Unfortunately (or fortunately, it is sometimes one, sometimes the other) the time limit to do so it about half-an-hour. The reasons for this being set up that way are valid, but a bit much to go into here....
Just go ahead and post the corrections you'd make, and not worry about it; that's the best way to handle such a thing....
Thanks mate!
I'll just repost the review, and, perhaps, one of you kind mods could delete the old post? Thanks!
Case and the Dreamer - Theodore Sturgeon
(Review 2.0)
“Ask the next question.”
This was Theodore Sturgeon's motto, and the driving force behind much of his work. It is also the meaning of the silver “Q” with an arrow through it that he wore on a necklace around his neck. He loved to ask questions, questions that, once asked, would reveal thought provoking and sometimes shocking answers. Each question asked unearths another layer, and each question answered reveals more questions.
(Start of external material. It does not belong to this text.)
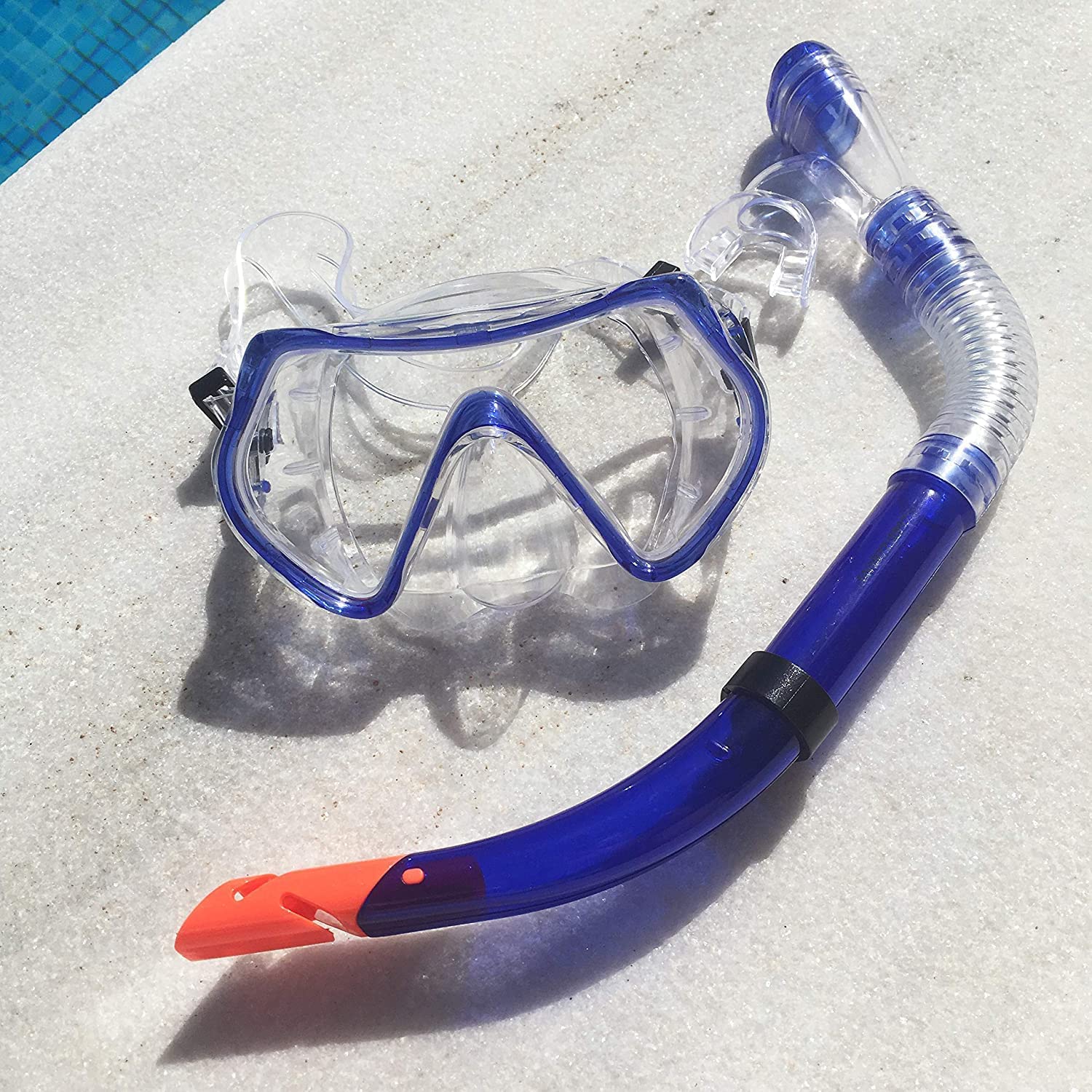 MBUYS MALL Snorkeling Snorkel Diving Scuba Package Set with Anti-Fog Coated Glass and Anti-Splash Silicone Mouthpiece for Men Women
In Case and the Dreamer, a collection of three short stories, Sturgeon asks questions about love. The first story, the title story, asks questions dealing with interspecies, alien love. The second story, If All Men Were Brothers, Would You Let One Marry Your Sister, the best story of the three, asks, “Is there a kind of love so heinous that it could turn an entire planet into a pariah?” And the final story, When You Care, When You Love, is a surprisingly timely story about love and human cloning. When You Care, When You Love is the least interesting of these. To tell you the truth, I didn't get much out of it at all. For this reason, this review will solely focus on the first two stories.
Case and the Dreamer tells the story of a man and woman who find themselves marooned on a strange alien world. It is told mainly in flashback, from the point of view of the man, Case, who died but is brought back to life by a holographic being. Case remembers his time with Janifer, the woman, and their tumultuous stay on the alien planetoid. The two formed a powerful relationship, and yet he was never able to say the simple words that Jan wanted to hear: I love you. Their lives were plagued by a strange presence that haunted and tormented them, getting more violent and devious as time went on. In the present, Case learns the identity of this alien entity, and discovers what it wanted all along. Case is an interesting name for such a character. A case is properly used when it is tightly closed to hold something inside. But to use the contents, it must be opened, and they must be exposed to the possible dangers of the world. Case, the character, was holding something inside, his emotions, and by not letting them out, by not truly confiding in his love, he inadvertently unleashes a vengeful force.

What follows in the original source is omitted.